Would you show every line from the records that holds "Beach"?

** INPUT MATERIAL follows **

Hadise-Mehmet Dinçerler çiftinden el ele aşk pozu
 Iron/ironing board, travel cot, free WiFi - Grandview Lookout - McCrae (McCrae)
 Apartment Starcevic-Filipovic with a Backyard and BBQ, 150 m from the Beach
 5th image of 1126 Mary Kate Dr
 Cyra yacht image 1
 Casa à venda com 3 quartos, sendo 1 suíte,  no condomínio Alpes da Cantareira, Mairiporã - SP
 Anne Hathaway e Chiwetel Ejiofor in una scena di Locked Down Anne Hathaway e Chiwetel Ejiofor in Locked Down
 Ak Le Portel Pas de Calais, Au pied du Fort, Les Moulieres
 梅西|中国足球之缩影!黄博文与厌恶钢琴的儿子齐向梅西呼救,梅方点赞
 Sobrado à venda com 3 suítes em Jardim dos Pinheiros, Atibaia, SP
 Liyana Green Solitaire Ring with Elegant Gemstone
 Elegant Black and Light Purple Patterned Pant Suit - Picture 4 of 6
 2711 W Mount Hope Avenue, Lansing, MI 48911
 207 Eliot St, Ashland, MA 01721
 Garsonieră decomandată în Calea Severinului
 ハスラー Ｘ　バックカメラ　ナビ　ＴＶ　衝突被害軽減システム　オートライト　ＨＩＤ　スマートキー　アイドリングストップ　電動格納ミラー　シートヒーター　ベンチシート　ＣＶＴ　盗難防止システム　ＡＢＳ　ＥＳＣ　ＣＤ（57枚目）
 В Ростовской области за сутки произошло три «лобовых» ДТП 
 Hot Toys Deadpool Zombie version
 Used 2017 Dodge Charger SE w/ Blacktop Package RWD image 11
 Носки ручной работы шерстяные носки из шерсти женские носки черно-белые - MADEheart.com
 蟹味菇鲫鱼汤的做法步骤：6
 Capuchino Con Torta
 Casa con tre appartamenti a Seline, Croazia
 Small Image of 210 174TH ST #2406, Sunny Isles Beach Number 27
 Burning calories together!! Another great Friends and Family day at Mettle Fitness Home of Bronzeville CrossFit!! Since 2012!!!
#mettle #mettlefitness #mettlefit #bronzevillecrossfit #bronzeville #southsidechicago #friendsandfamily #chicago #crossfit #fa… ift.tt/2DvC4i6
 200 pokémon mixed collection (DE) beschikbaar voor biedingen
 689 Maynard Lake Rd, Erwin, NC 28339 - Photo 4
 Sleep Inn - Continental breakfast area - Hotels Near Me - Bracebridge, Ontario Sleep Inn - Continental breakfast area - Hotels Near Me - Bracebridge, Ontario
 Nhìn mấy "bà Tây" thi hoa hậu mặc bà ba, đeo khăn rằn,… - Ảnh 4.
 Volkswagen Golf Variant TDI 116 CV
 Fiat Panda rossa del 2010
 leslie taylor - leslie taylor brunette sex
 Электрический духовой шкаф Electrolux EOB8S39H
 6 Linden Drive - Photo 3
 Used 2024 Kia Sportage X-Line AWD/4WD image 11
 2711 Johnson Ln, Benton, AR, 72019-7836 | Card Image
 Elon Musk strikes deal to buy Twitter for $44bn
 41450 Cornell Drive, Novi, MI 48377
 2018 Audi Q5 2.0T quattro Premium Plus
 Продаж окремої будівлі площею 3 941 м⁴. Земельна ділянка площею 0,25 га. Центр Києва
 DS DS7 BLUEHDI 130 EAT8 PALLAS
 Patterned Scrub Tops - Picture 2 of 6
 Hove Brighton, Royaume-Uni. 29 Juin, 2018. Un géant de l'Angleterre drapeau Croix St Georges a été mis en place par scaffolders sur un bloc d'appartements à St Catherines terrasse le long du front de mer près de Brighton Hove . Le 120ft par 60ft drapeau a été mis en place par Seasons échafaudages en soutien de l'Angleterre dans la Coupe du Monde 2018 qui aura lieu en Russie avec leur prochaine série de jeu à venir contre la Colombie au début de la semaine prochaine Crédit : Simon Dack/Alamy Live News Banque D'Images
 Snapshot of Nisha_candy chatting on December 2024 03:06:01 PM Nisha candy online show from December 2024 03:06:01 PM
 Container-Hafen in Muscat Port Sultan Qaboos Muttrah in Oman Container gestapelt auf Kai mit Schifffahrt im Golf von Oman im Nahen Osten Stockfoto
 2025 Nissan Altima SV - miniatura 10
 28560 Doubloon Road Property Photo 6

** End of INPUT MATERIAL **

_EXERCISE OUTPUT:_
 Apartment Starcevic-Filipovic with a Backyard and BBQ, 150 m from the Beach
 Small Image of 210 174TH ST #2406, Sunny Isles Beach Number 27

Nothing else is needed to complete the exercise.